→ What you should do:
Would you restate the full listing word for word and omit its pictures?

Data block below:

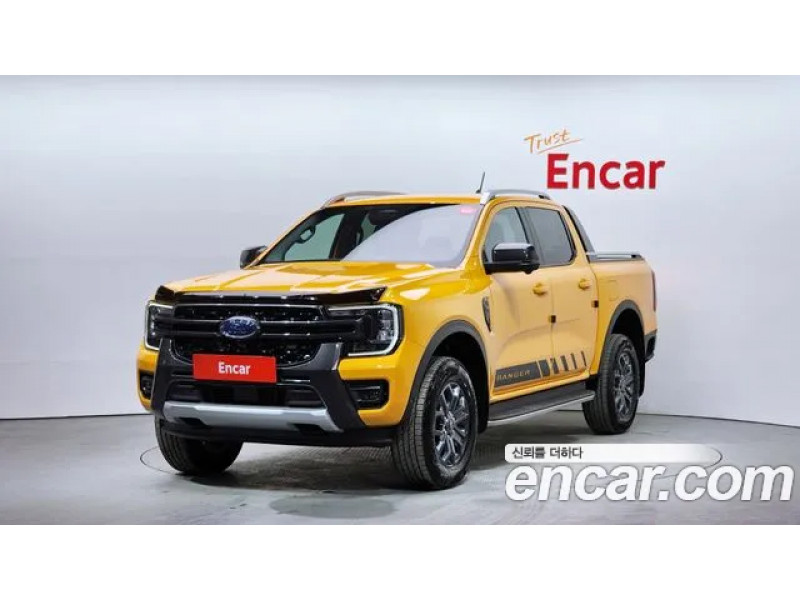 Ford Ranger 2023 г.
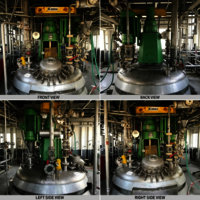 Magnetic Agitators For Chemical Industry - Color: Silver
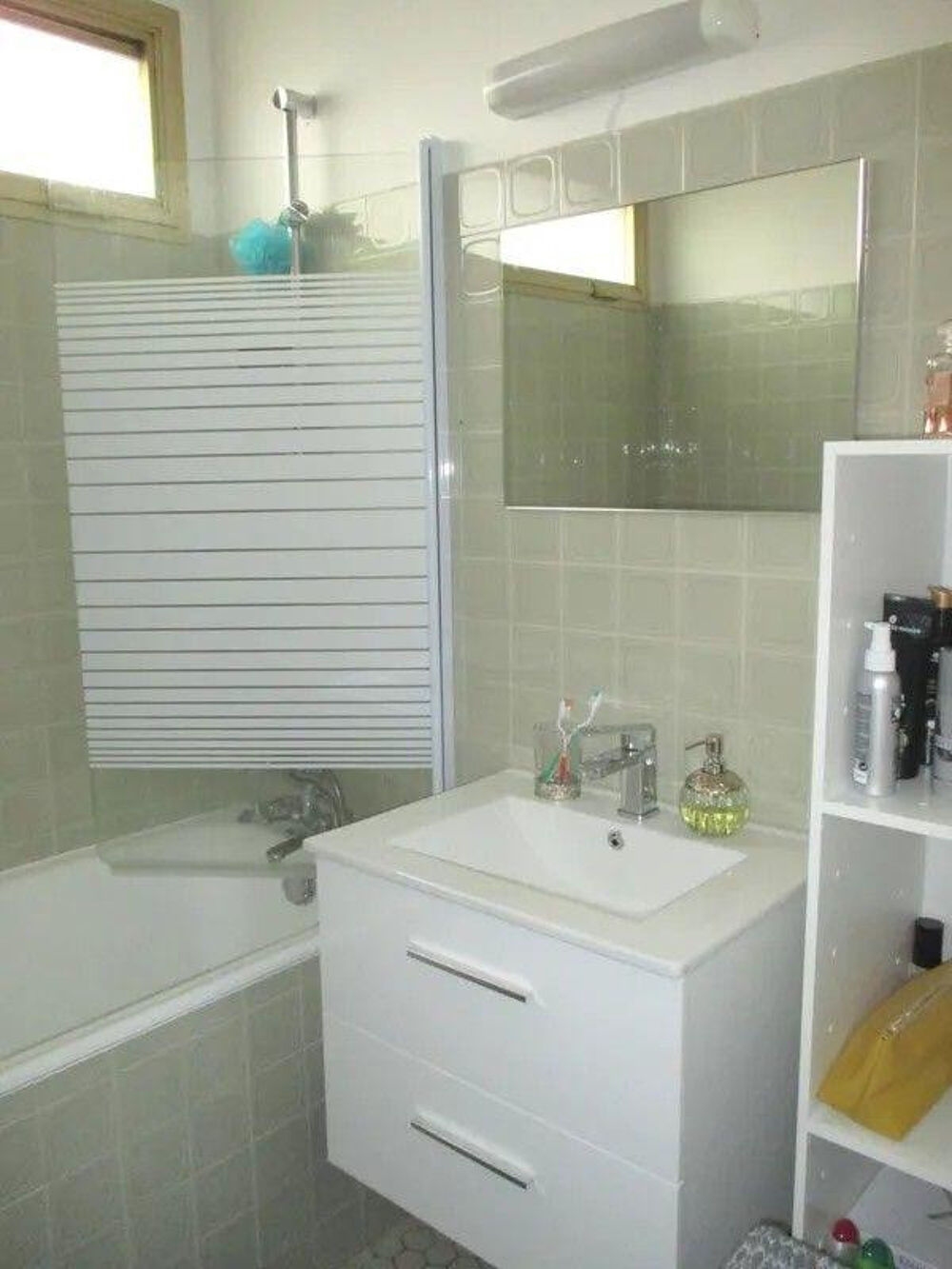 Location Appartement Grand 2 pièces 60m² dans résidence de standing Saint-cloud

End of Data block.

→ Your response:
 Ford Ranger 2023 г.
 Magnetic Agitators For Chemical Industry - Color: Silver
 Location Appartement Grand 2 pièces 60m² dans résidence de standing Saint-cloud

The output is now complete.